ChiTownButcher said:


> Have you tried plugging in the USB to another computer? What about the entire keyboard? Could be an issue with the pass thru. What about plugging the USB into the motherboard in back? Same issue or works?
> 
> What about other thumb drives? Start eliminating variables like which port, different pc, rear I/O vs front ect.


Just the front left port is acting up. 

Corsair will be sending me a new I/O panel.


----------



## Neomuffins

So I used to have my system in a TT core v1, but it was so small maintenance was becoming a pain. So I decided to rebuild in a Air 240. I just test fitted my MSI Seahawk 1070 in my vertical gpu mod. 
















Next up, mounting the reservoir and pump 🙂









New res next to old res:


----------



## Lordsteve666

Hey guys,

Upgrading my GPU in this case and I have found this card for a decent price within my budget: MSI AMD Radeon RX 570 Armor 8G.

Will this fit in the case?
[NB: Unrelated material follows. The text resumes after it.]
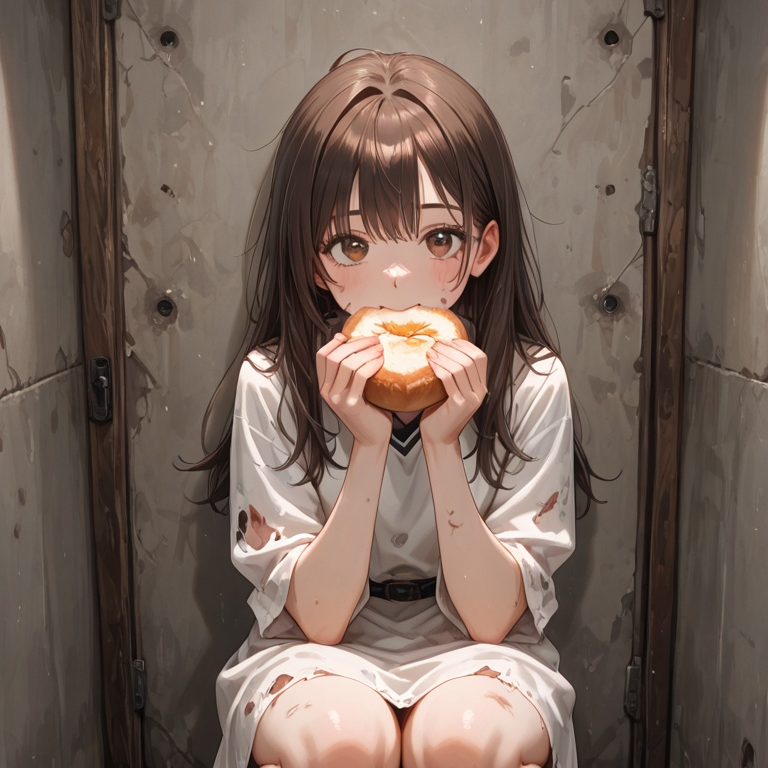 지박령인 당신을 볼수있는 아이 대표 이미지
I see the card is just under 250mm long and the max length the case can fit is way over that, but i have a H80i rad in the front with 120mm push-pull fans on each side of it. Anyone got a similar setup and know if there's any funny cabling requirements round the end of the card? I think it'll fit unless it needs space for a power connector on the very end.
I can reroute hoses for the cooler to avoid the card fairly easily i think.
Cheers for any help.


----------



## Neomuffins

Hi lordsteve,









This is how much clearance I have with a 53mm thick radiator with stock fans in pull config. Please note that my gpu is 275mm, but sits 3-4mm further back than a stock case (so 270ish mm). The h80i is only a 120mm radiator, 45mm thick. Your gpu should fit under that if you put it in the top position, but you still might not be able to do a push/pull depending on your mobo.

Check your GPU width though, a lot of cards fit, but then the power connector will press into the side panel. I wouldn't know myself since I solved that problem with a dremel and a rivet tool lol.


----------



## Capnspace

Update on Copper Creamery. 

Hey guys,
Havent posted any updates on my build in quite some time. I just bought another 1080 ti to pair with my other one in sli. Even got all the watercooling parts for it. In addition bought an ek terminal that connects the two. Waiting for a few LEDs but this is what it looks like so far. Even did all my cables custom and painted the copper ones by hand because mainframe customs doesn't have copper sleeving. I attached pictures of the build and of the custom cable job. Lastly, for any of you that are having trouble with GPU clearance due to the side panel the solution i came up with is fairly easy and looks beautiful. Clear piece of acrylic and some standoffs. If you need more information on how I did it just let me know. Any suggestions/criticisms are greatly appreciated.


----------



## westlife2206

Anybody here?

Has anyone tried to add additional 3.5" HDD? I'm maxed out with 3.5" HDD and in need of adding a 4th, but couldn't find a way


----------



## mAs81

westlife2206 said:


> Anybody here?
> 
> Has anyone tried to add additional 3.5" HDD? I'm maxed out with 3.5" HDD and in need of adding a 4th, but couldn't find a way


Haven't done it myself,but the only way I can see it working is maybe by using a 3 x 5.25 bays dock somehow..For example something like this..I imagine that you can turn off the fan/led easily...You should check the dimensions of something like that and give it a shot..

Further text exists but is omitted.